BigQuery query sample using Github Data Challenge's data

Since BigQuery is now available to the public, here's a sample query for analysing Github Data Challenge's data. I actually just edited a sample query in Google's official BigQuery page. I am not 100% certain this query is right in counting the language, and feel free to comment if it is wrong.

Make sure you load up the data by Switch to Project->Display Project and enter "githubarchive".

The query below will count how many repository's languages were in Perl.

select repository_language, COUNT(repository_language) as count
  FROM githubarchive:github.timeline
  WHERE (REGEXP_MATCH(repository_language,r'Perl'))
  GROUP BY repository_language

BigQueryが一般に公開されたので、Github Data Challengeのデータで簡単なサンプルクエリを作りました。参考になれば嬉しいです。(BigQueryのオフィシャルサイトに出ているサンプルクエリを少し修正しただけですが。
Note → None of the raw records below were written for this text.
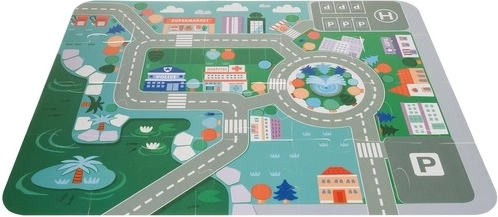 Play mat and road puzzle for city scenarios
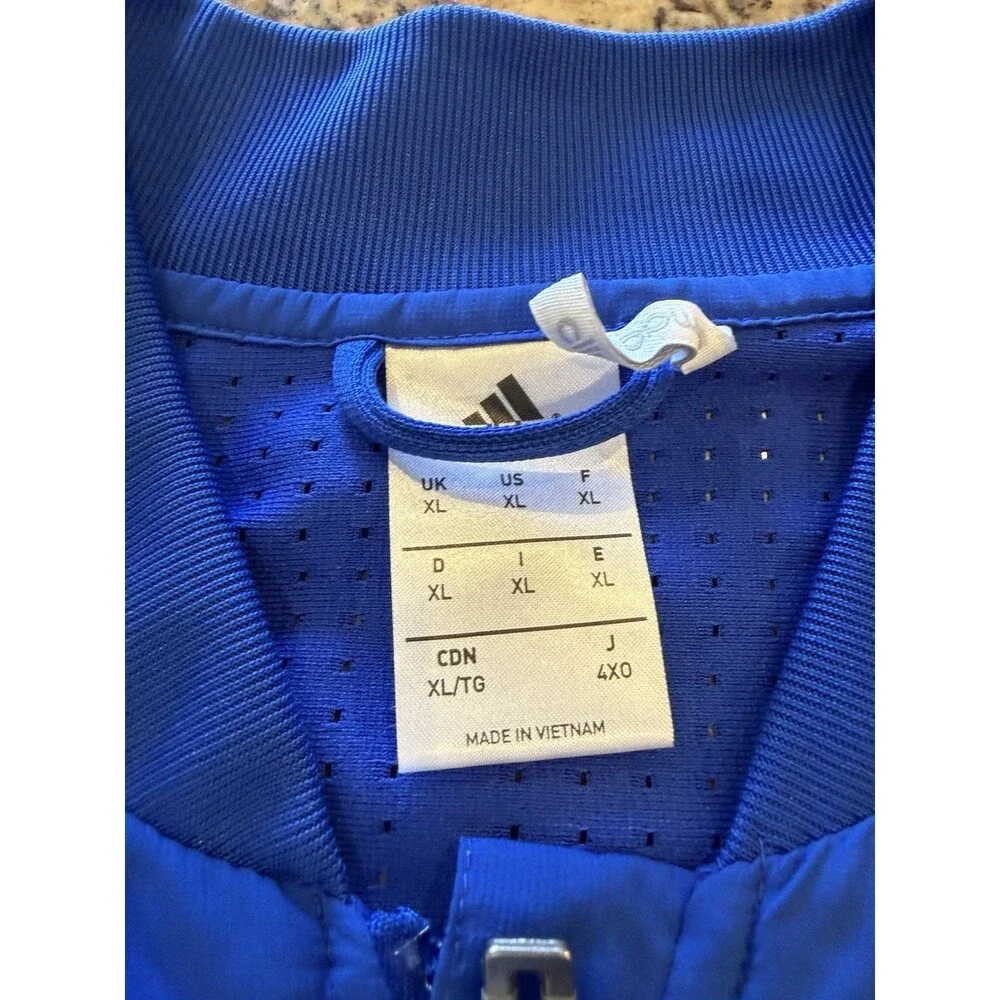 Adidas Training Track Windbreaker Jacket Rush Soccer Men’s Xl Gym Blue
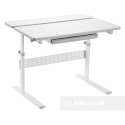 Fun Desk Colore Grey biurko regulowane białe szare Fun Desk Colore Grey biurko regulowane białe szare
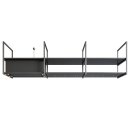 Novy Premium Inselhaube Pureline Frame 90 cm mit 4 Rahmen 70 cm Schwarz 15005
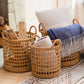 Open Weave Baskets with Handle, set of 3 - Storage Baskets | LIKHÂ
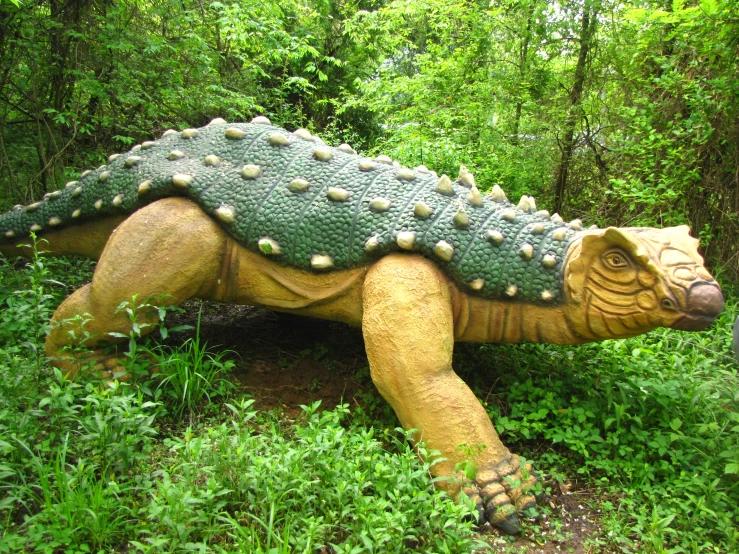 this is an image of a large artificial dinosaur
)


最初にSwitch to Project->Display Projectで"githubarchive"とタイプしてGithubのデータをロードしてください。


select repository_language, COUNT(repository_language) as count
  FROM githubarchive:github.timeline
  WHERE (REGEXP_MATCH(repository_language,r'Perl'))
  GROUP BY repository_language


select repository_language, COUNT(repository_language) as count
  FROM githubarchive:github.timeline
  WHERE (REGEXP_MATCH(repository_language,r'Go'))
  GROUP BY repository_language


1 Go 15179
2 Gosu 109